Letter to the Editor: History of Abuse

By George Chandler

I address an interesting recent take on the charter amendments in which we were told that there is no history of abuse of the petition process in Los Alamos.

In 1979 and again in 1982 there were successful referendum petitions and subsequent elections that reversed zoning actions by the county. 

But the losers of the 1982 election appealed the voter’s decision and in 1983 the Supreme Court ruled that zoning can only be done by representative bodies, not by election. 

Under this rule the 1979 referendum would have also been illegal.

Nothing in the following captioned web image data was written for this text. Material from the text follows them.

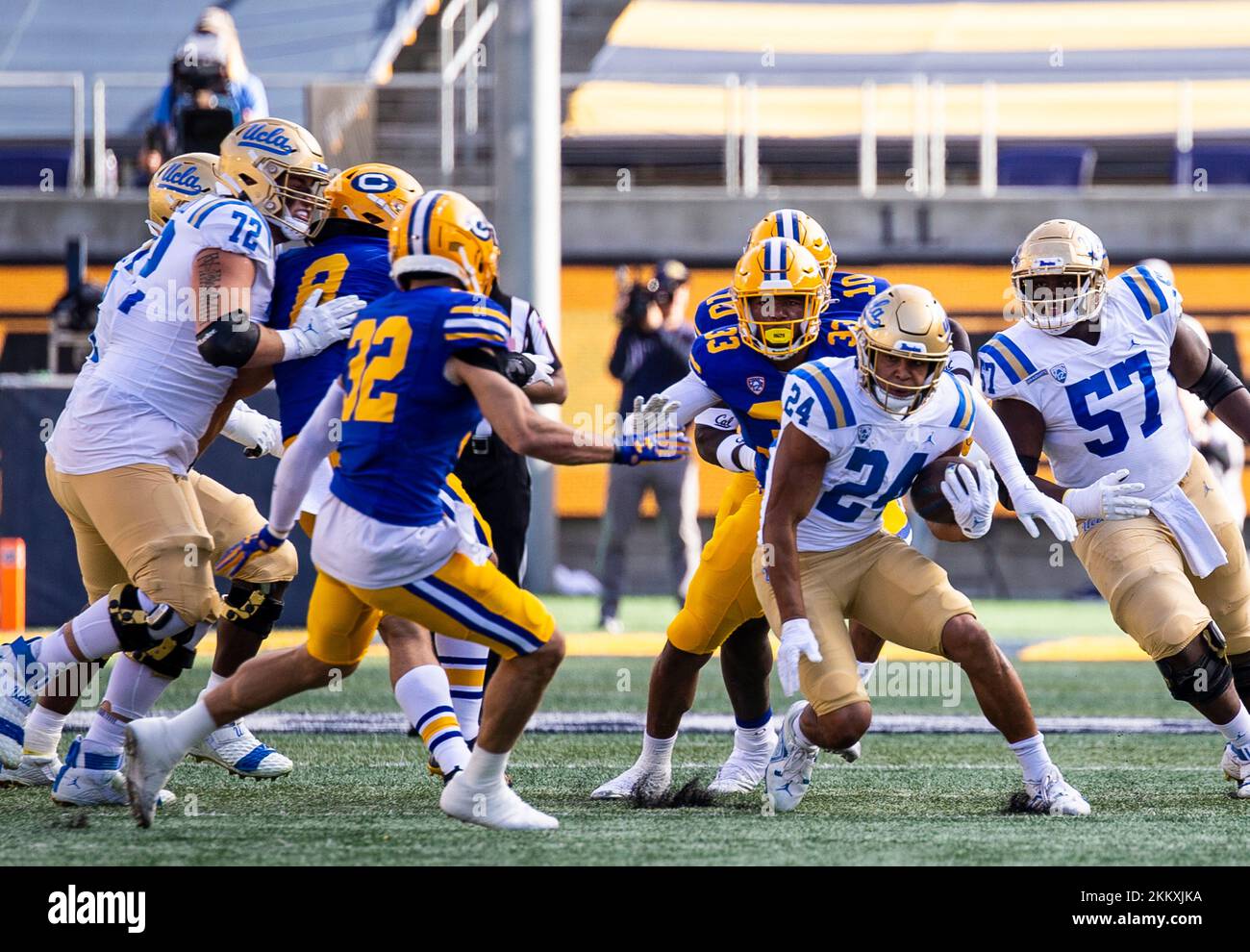 Back zach hi-res stock photography and images - Alamy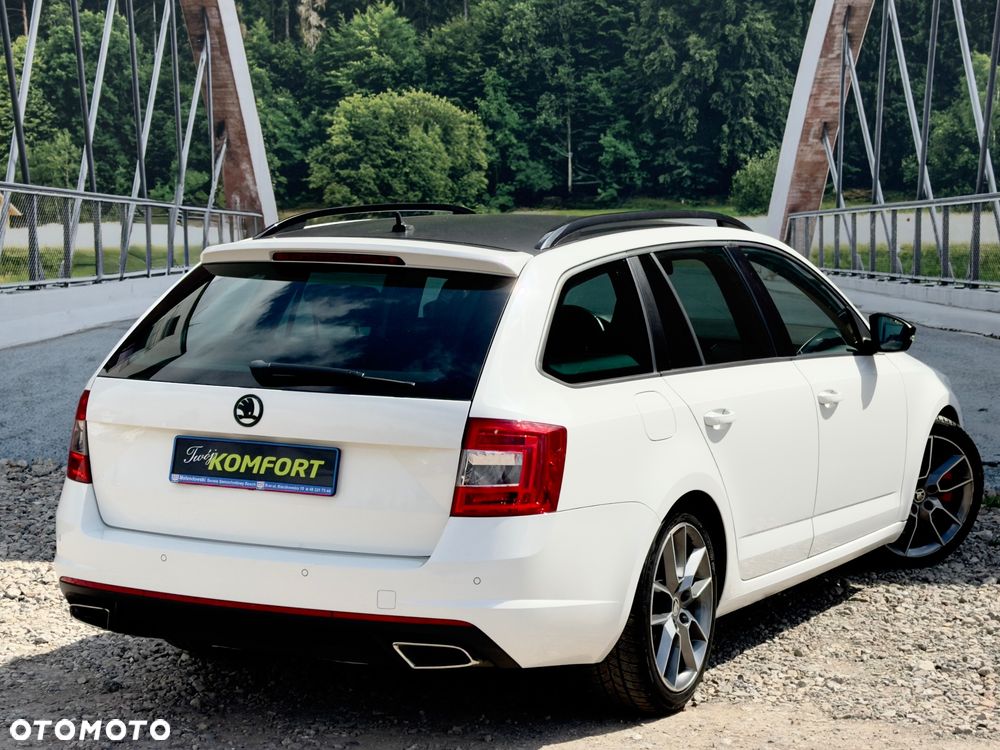 Skoda Octavia 2.0 TDI DSG RS - 11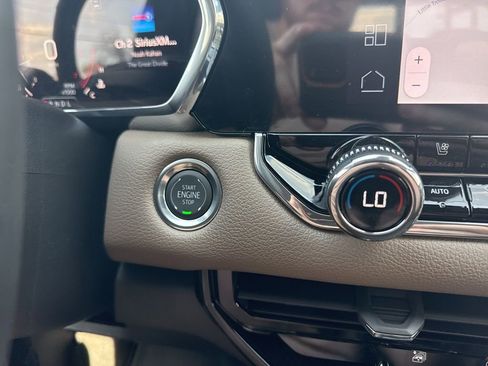 New 2026 GMC Canyon Denali image 24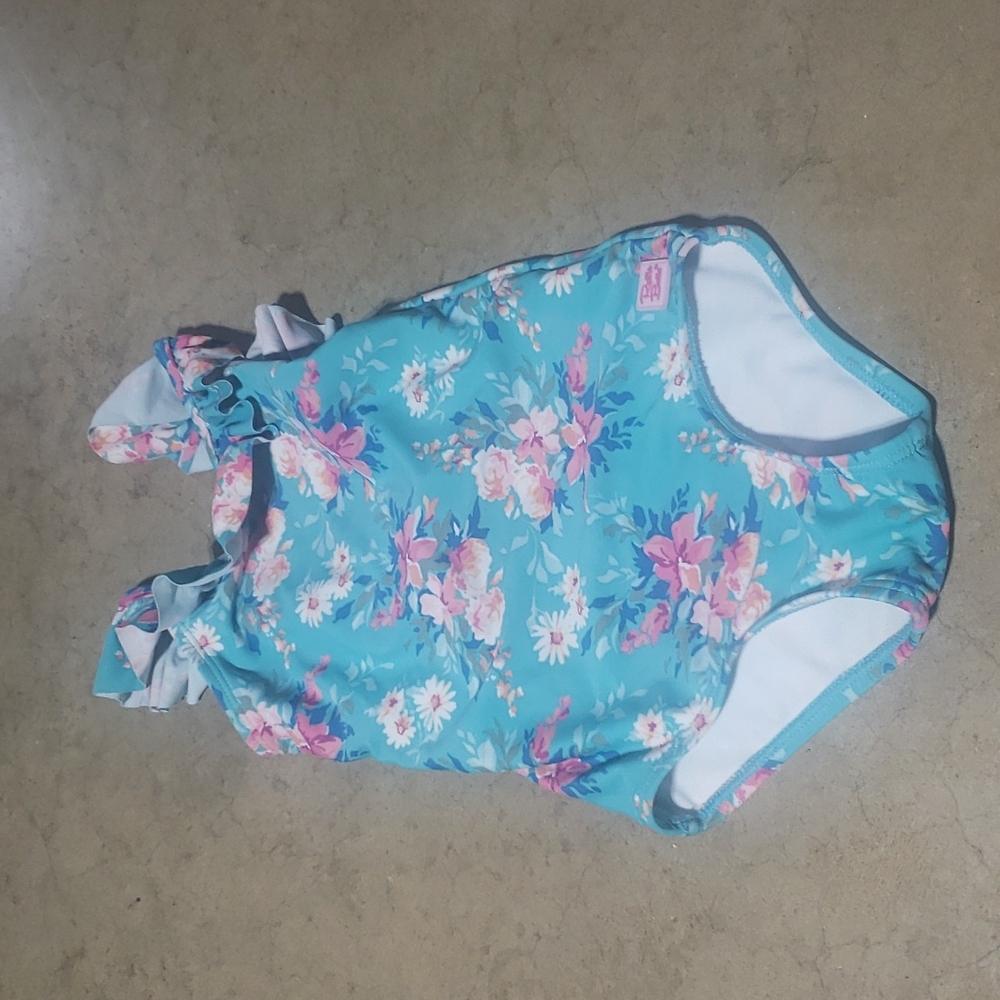Girls ruffle butts 4t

These are two petitions that were deemed abusive by law. 

The proposed referendum amendment puts this law into the charter.

 In 2009 – 2010 a group of activists collected enough signatures on two initiative petitions to amend the charter.

Both of these petitions violated well-established rules against logrolling – several unrelated or independent issues wrapped into one question. 

The council followed advice of the county attorney and refused to put these illegal questions to a vote. 

This abuse of the process resulted in a proposed amendment putting anti-logrolling language into the charter. 

In 2010 the council defied the opinion of the County Attorney and put on the ballot an initiative petition that would have required the council to rebuild the municipal building on Ashley Pond. 

Private citizens appealed the decision to District Court, which followed well-established state law that administrative decisions cannot be put to the voters, and declared the proposed election illegal.

The proposed amendments address this abuse of the process by adding certain capital projects to the lists of prohibited referendum and initiative subjects.

In 2012 the 2009 group filed and circulated unsuccessfully six petitions that would have required an election on whether these charter amendments should be brought to an election. 

This abuse of the petition process mercifully failed.

No history of abuse? Abuse has marked the use of the petition process in Los Alamos for most of the history of the charter. 

The amendments will eliminate much of the abuse while protecting the rights of citizens to challenge excesses of government authority. 

Please vote FOR the charter amendment questions 1, 2, 3, 4.